**WORK INSTRUCTIONS:**
Output the data verbatim, minus the images.
(INFORMATION SHOWN begins)
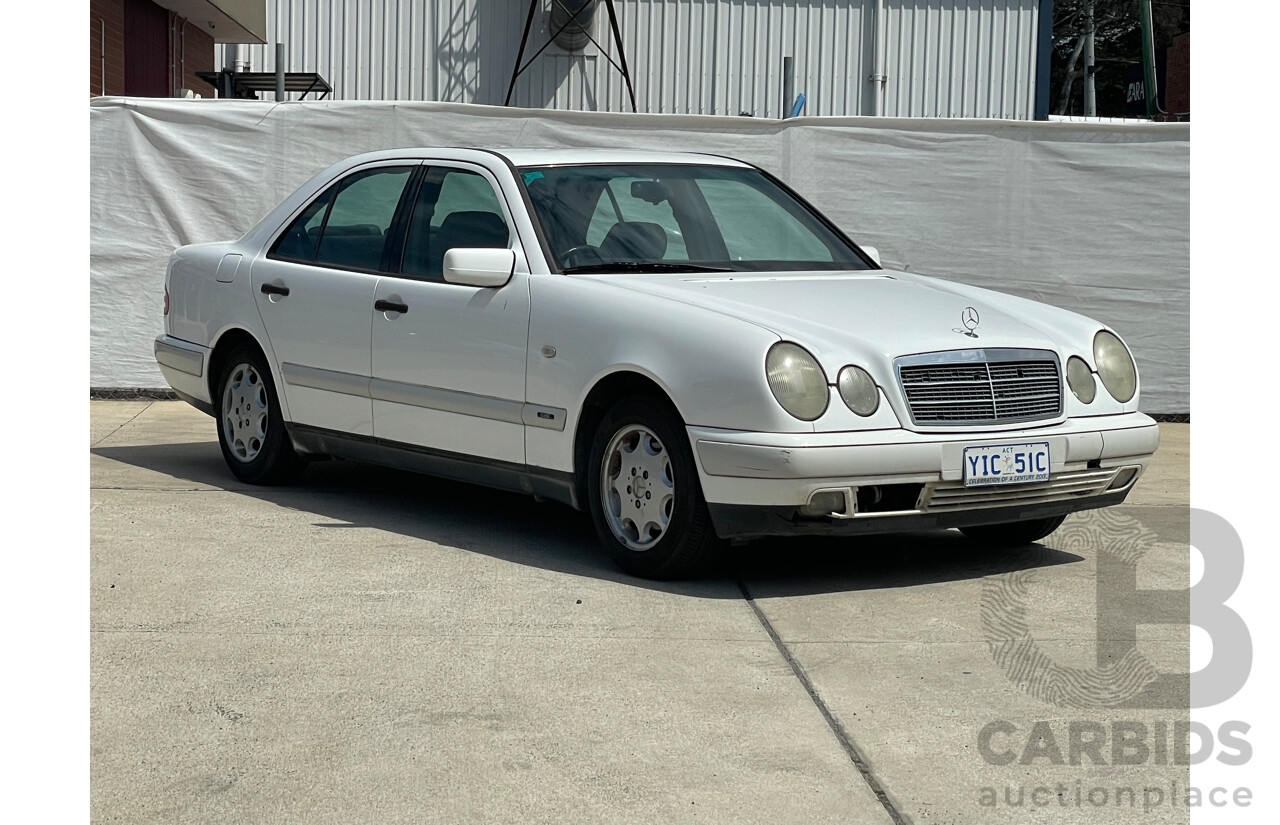 1/1996 Mercedes-Benz E230 Classic W210 4d Sedan White 2.3L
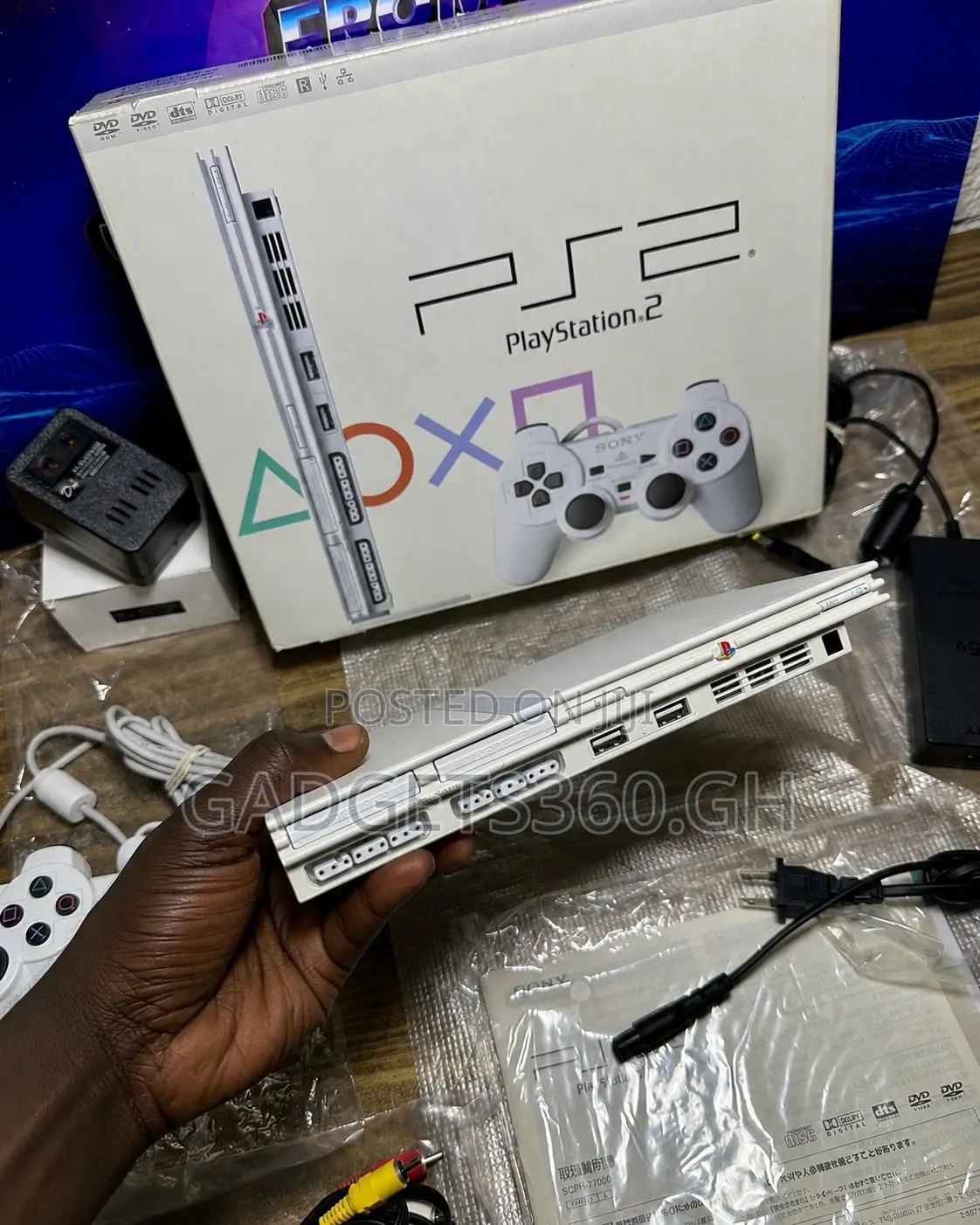 Sony PlayStation 2 Slim (White)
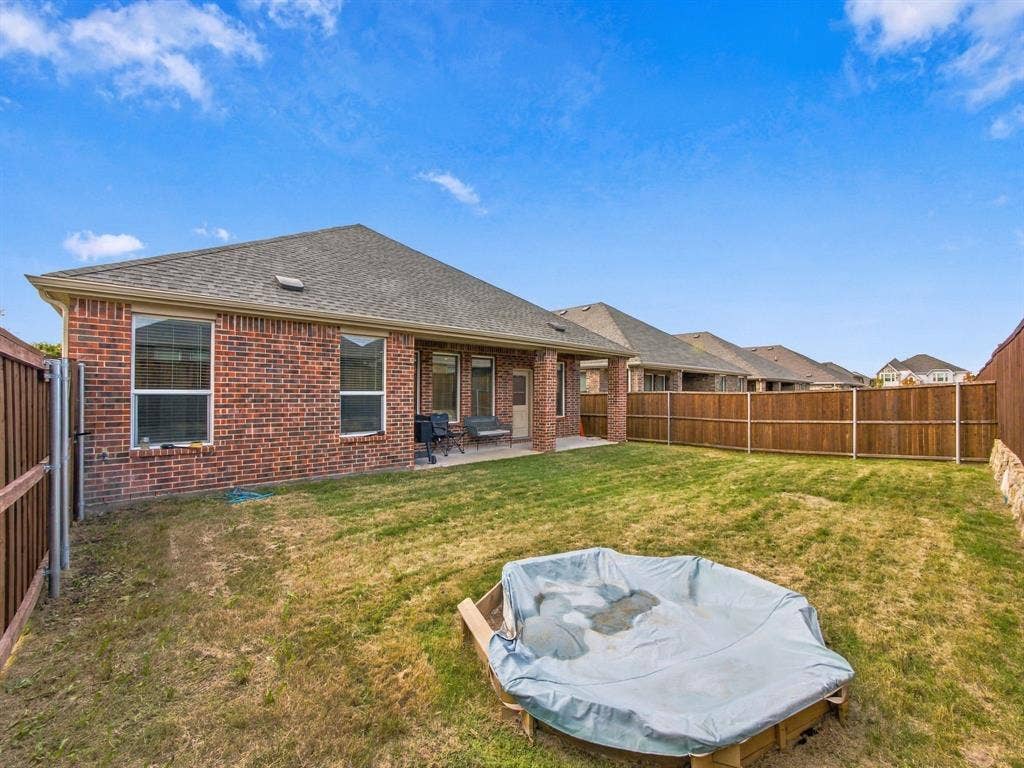 1818 Holden Drive, Cedar Hill, TX 75104 1818 Holden Drive, Cedar Hill, TX 75104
(INFORMATION SHOWN ends)
**COMPLETED EXERCISE:**
 1/1996 Mercedes-Benz E230 Classic W210 4d Sedan White 2.3L
 Sony PlayStation 2 Slim (White)
 1818 Holden Drive, Cedar Hill, TX 75104 1818 Holden Drive, Cedar Hill, TX 75104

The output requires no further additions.